● **Prompt**: Write again exactly the lines in the listing below, starting at the line with "Ver imagem 2" and ending at the line with "Ghost On Pumpkin", both included. Pictures are not copied.
### Source material
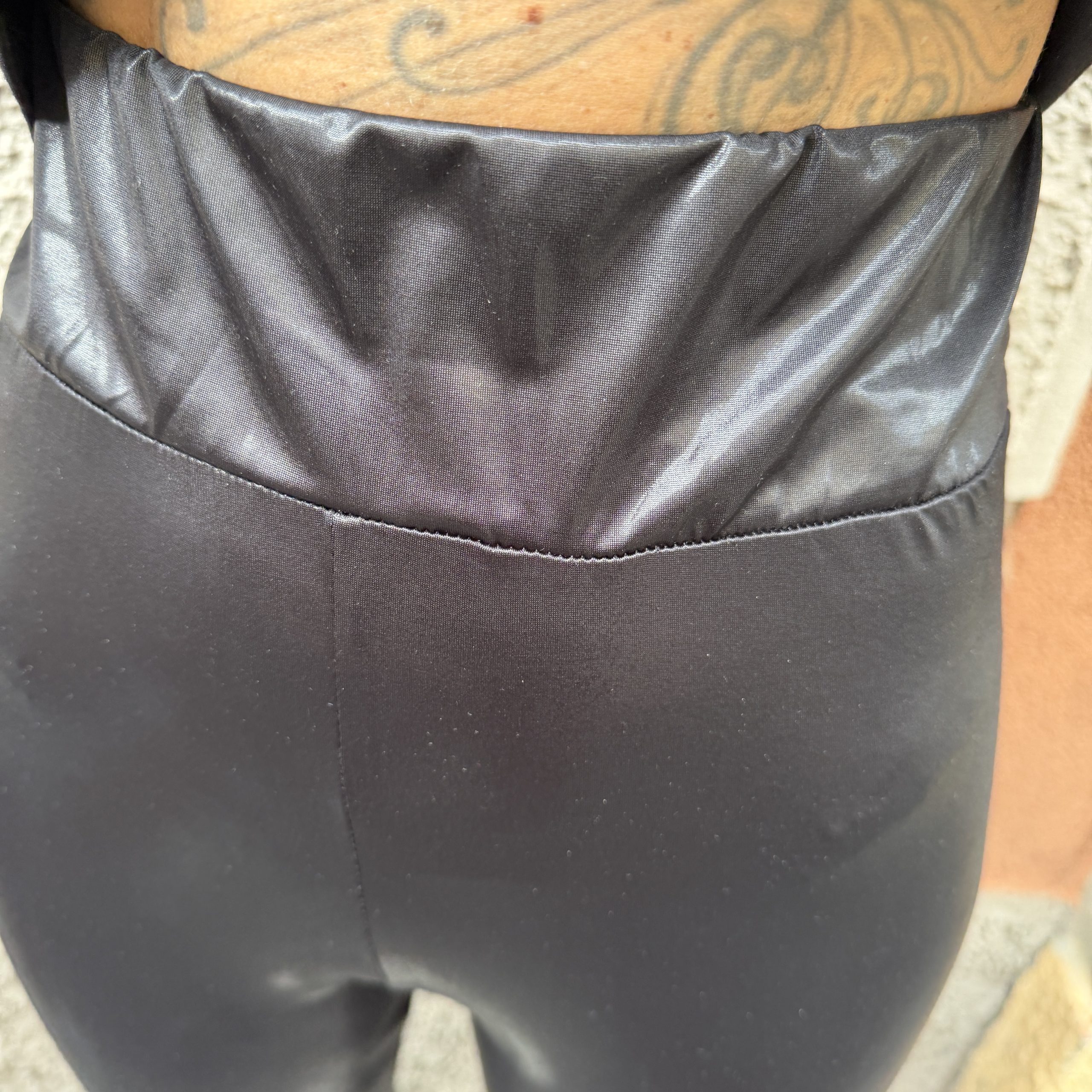 Kostumn1 - Leggings spalmato - KE2656 - Nero - immagine 4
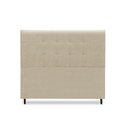 Ver imagem 2 de Cabeceira Estofados Casal Quarto 1,44cm Betina Suede Bege Madelina Decor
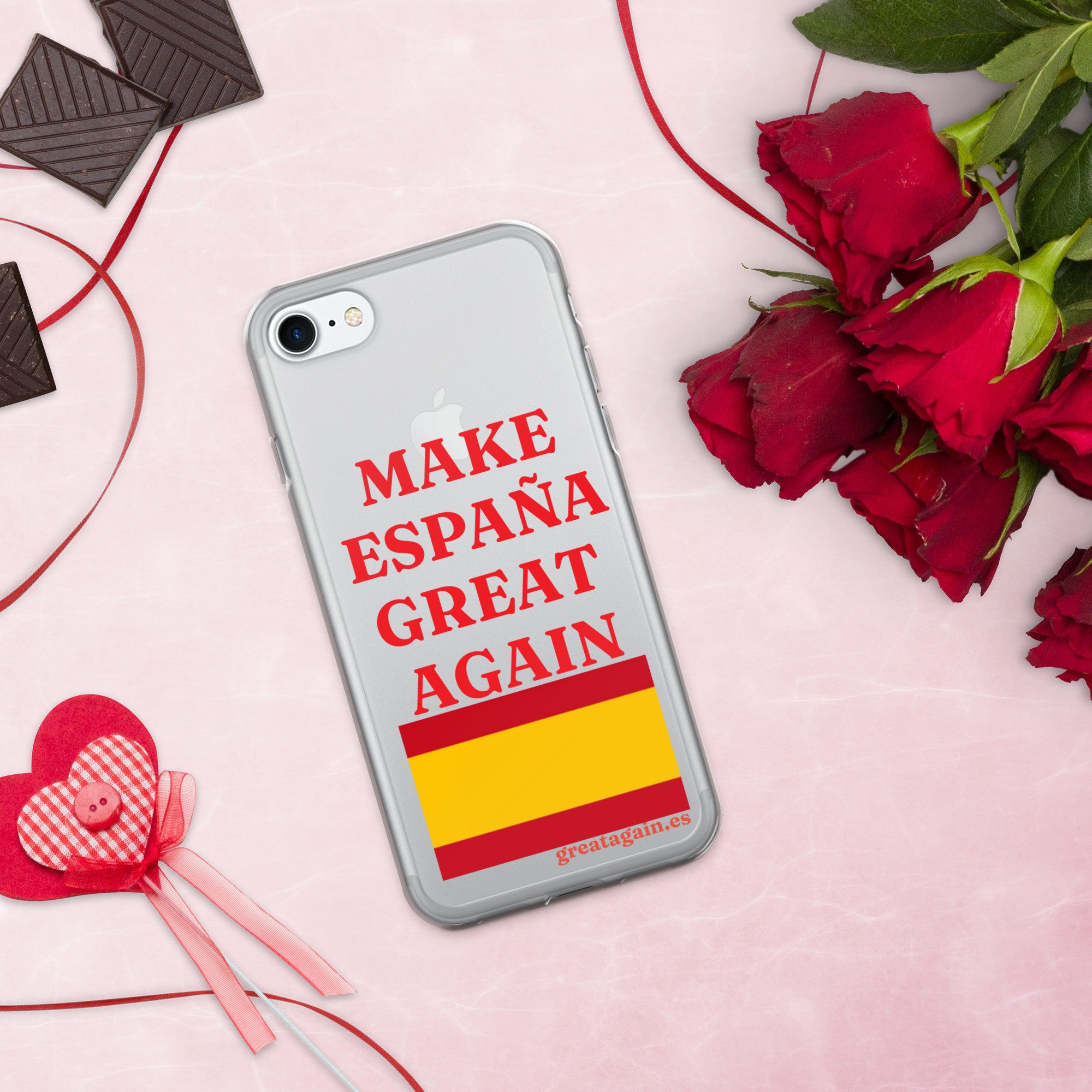 Carcasa transparente iPhone® Make España Great Again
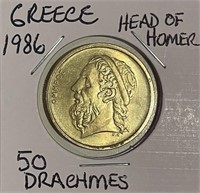 Greece 1986 50 Drachmes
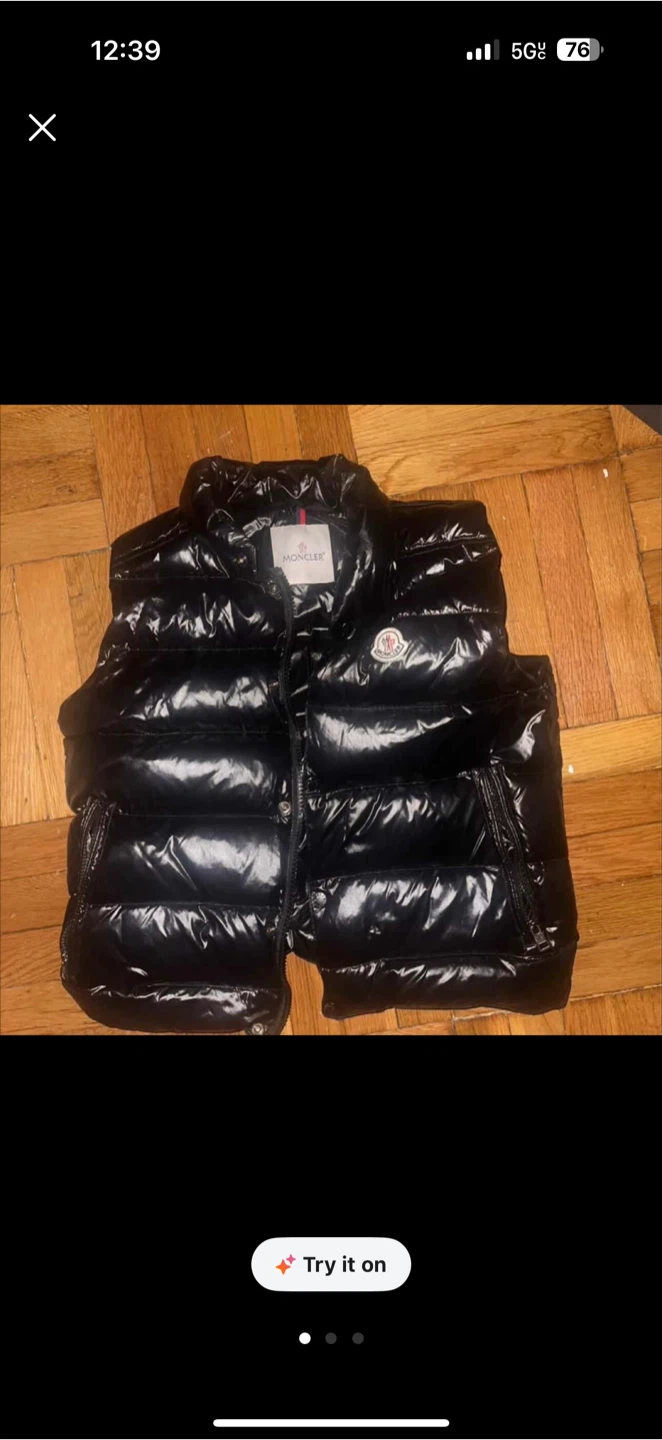 Moncler Black Puffer Vest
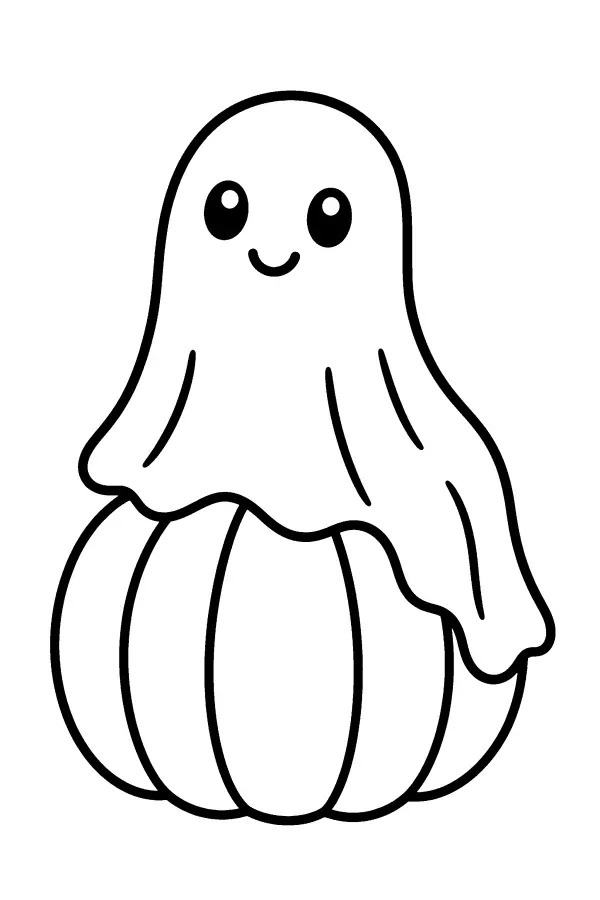 Ghost On Pumpkin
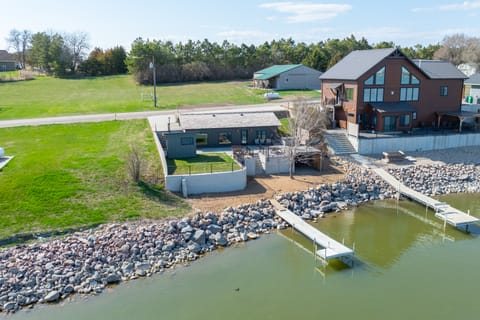Private Sauna + Beach: Lake Norden Cabin House in South Dakota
######
● **Result**:
 Ver imagem 2 de Cabeceira Estofados Casal Quarto 1,44cm Betina Suede Bege Madelina Decor
 Carcasa transparente iPhone® Make España Great Again
 Greece 1986 50 Drachmes
 Moncler Black Puffer Vest
 Ghost On Pumpkin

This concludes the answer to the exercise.